--- SUPPLIED DATA Enclosed Below ---

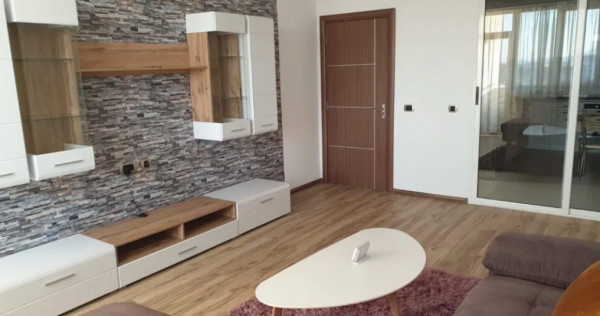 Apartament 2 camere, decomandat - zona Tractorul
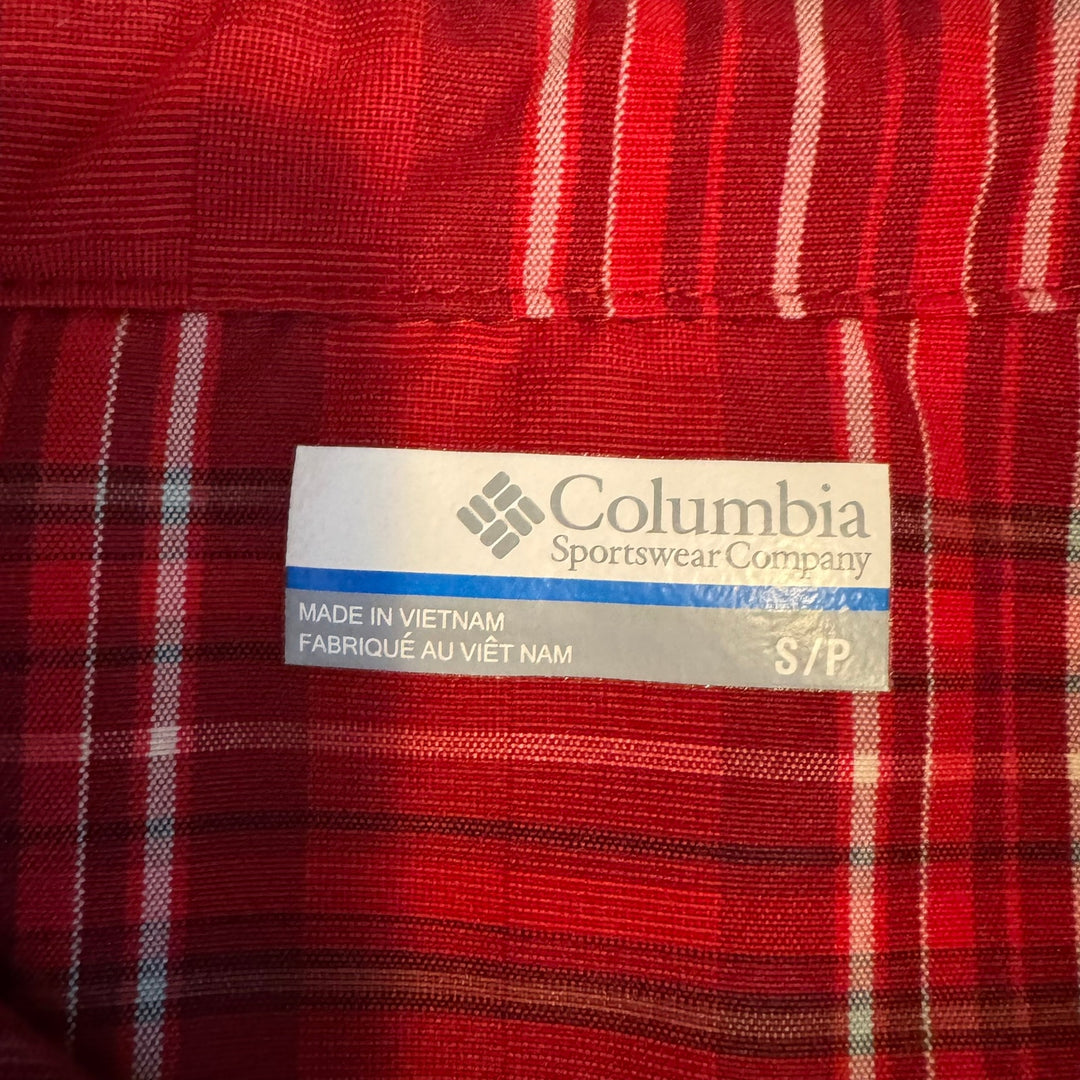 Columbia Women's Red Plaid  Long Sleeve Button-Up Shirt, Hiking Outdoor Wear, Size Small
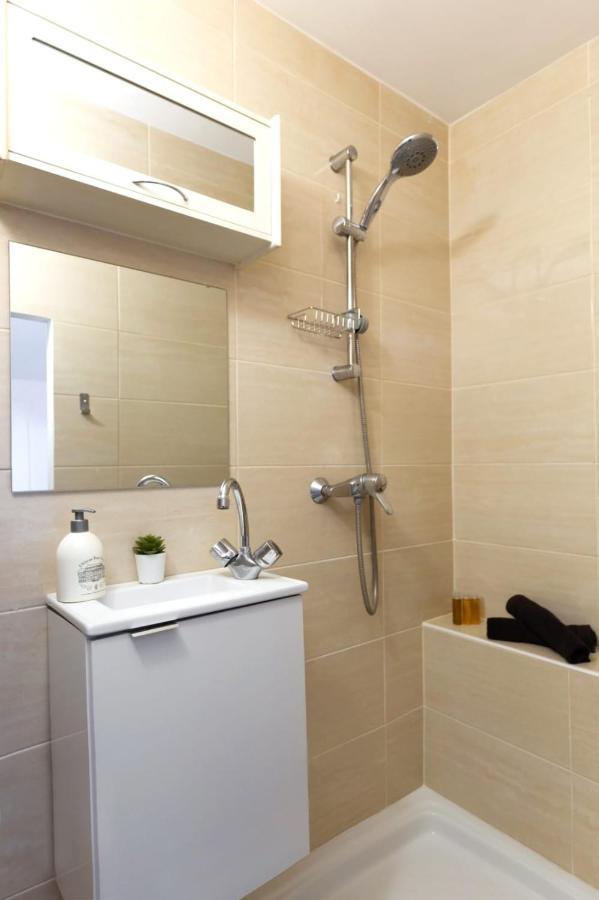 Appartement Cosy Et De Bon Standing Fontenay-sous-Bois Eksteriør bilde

--- End of Enclosed SUPPLIED DATA ---

## [YOUR ASSIGNMENT]
When the listing is transcribed, every line must match the original exactly, and the pictures must be left out.

## [ANSWER BOX]
 Apartament 2 camere, decomandat - zona Tractorul
 Columbia Women's Red Plaid  Long Sleeve Button-Up Shirt, Hiking Outdoor Wear, Size Small
 Appartement Cosy Et De Bon Standing Fontenay-sous-Bois Eksteriør bilde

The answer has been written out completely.